TOM WAYMAN's first book, Waiting For Wayman, will be published by McClelland & Stewart in Spring 1973. He has published widely in Canada and abroad, and is presently on a Canada Council Grant in Vancouver, where he is working on new poems and on an anthology of poems about work to be called Beaton Abbot's Got The Contract.
NICANOR PARRA, a professor of mathematics and physics, was born in Chillan, Chile, in 1914. His poems have received critical praise in Chile and abroad, and will soon appear in book form in English translation.
DORA M. PETTINELLA lives in New York, and translates widely from Spanish, French, Portuguese, and Italian poets. Her translations have appeared internationally.
JOHANNES BOBROWSKI and TADEUSZ ROZEWICZ were both translated by John M. Gogol, a poet who teaches in the Foreign Language Department of Pacific University in Oregon. As well as pursuing his own writing, Mr. Gogol translates from German, Polish, and Russian poets.
KATHY COSGROVE, CAM WILLIAMS, CHRIS MORISSETTE, GRANT GARDINER, TASSILIE DENT, MIKE HORTON, and JIM REDFERN are all students at Capilano College this year, and are making use of Jim Bizocchi's photography studio at Capilano's Welch Street Art Center.
STEWART GREEN and BILL WEEDMARK were students at Capilano last Spring, and have since left, Stewart to teach skiing in Colorado, and Bill to work in a Vancouver photography studio.
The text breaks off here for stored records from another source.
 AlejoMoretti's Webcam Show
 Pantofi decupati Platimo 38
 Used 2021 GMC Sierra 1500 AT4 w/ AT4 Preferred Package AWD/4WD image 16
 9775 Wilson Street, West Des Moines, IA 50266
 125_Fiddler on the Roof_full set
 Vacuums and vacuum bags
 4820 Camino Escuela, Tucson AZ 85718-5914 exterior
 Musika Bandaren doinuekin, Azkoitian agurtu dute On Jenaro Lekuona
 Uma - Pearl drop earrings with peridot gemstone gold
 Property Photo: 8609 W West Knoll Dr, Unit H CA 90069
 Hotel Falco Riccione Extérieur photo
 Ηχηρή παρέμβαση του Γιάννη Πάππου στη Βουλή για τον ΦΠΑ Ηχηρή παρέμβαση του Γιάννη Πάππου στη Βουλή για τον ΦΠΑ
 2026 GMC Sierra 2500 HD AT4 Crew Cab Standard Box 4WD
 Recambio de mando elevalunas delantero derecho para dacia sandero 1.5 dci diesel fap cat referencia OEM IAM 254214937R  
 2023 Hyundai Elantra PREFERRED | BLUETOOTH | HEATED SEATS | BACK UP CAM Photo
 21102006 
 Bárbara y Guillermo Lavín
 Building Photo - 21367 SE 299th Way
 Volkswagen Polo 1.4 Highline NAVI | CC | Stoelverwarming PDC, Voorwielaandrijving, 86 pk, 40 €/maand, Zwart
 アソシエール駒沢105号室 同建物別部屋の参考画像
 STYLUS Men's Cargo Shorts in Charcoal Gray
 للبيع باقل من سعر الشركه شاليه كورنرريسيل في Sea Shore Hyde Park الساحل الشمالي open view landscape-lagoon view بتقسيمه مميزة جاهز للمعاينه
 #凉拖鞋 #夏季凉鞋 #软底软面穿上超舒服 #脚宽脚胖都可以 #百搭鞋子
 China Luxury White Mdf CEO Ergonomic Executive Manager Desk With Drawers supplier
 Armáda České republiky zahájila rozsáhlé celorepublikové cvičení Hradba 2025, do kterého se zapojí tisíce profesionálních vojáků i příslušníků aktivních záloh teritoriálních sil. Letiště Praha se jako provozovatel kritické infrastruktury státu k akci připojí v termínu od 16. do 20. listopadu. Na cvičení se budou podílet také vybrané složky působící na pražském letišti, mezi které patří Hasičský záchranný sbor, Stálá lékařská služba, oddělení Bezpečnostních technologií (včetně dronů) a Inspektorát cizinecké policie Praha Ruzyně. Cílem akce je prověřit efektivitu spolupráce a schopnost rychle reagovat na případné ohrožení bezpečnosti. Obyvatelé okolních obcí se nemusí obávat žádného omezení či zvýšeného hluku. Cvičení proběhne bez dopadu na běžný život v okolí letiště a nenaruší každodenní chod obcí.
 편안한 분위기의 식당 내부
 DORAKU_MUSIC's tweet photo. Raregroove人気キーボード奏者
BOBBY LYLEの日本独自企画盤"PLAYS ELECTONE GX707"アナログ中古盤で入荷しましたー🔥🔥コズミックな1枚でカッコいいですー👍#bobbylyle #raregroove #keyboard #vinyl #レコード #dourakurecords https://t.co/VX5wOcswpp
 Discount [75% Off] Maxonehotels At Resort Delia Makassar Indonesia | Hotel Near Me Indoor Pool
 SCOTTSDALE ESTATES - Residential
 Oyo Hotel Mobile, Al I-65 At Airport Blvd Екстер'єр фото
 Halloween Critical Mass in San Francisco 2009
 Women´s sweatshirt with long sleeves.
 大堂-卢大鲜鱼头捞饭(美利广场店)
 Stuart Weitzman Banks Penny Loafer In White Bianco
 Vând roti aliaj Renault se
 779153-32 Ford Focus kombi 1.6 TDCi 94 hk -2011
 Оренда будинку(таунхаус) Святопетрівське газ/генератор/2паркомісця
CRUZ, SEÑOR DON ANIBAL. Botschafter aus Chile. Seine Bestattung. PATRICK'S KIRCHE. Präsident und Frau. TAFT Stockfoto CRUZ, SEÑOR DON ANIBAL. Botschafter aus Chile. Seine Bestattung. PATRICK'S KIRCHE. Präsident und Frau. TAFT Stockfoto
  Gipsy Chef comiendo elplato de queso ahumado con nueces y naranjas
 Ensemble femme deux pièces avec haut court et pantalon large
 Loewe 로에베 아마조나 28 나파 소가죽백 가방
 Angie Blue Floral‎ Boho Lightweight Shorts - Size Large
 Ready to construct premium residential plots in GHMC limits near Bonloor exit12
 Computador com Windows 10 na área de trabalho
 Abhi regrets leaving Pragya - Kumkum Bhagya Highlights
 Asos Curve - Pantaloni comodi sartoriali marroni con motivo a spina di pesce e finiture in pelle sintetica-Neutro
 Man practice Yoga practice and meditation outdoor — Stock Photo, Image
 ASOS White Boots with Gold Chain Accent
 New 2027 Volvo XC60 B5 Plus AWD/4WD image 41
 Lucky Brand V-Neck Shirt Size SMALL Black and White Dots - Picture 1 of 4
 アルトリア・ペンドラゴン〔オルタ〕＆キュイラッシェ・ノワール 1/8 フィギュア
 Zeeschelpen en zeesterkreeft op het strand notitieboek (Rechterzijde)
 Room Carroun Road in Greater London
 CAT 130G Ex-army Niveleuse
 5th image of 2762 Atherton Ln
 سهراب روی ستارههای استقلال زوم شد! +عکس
PATRICK LANE has published six books of poetry, and is included in several Canadian anthologies, among them Storm Warning (McClelland & Stewart). His selected poems. The Sun Has Begun To Eat The Mountain, was published this year by Ingluvin, and should go into a second edition soon. He is the editor of Very Stone House: in transit, and is planning a new anthology of West Coast poetry. He is presently working in Vancouver on new poems that relate both to his experiences in the interior of B.C., and to his travels in South America. He is an accomplished draughtsman and billiards player.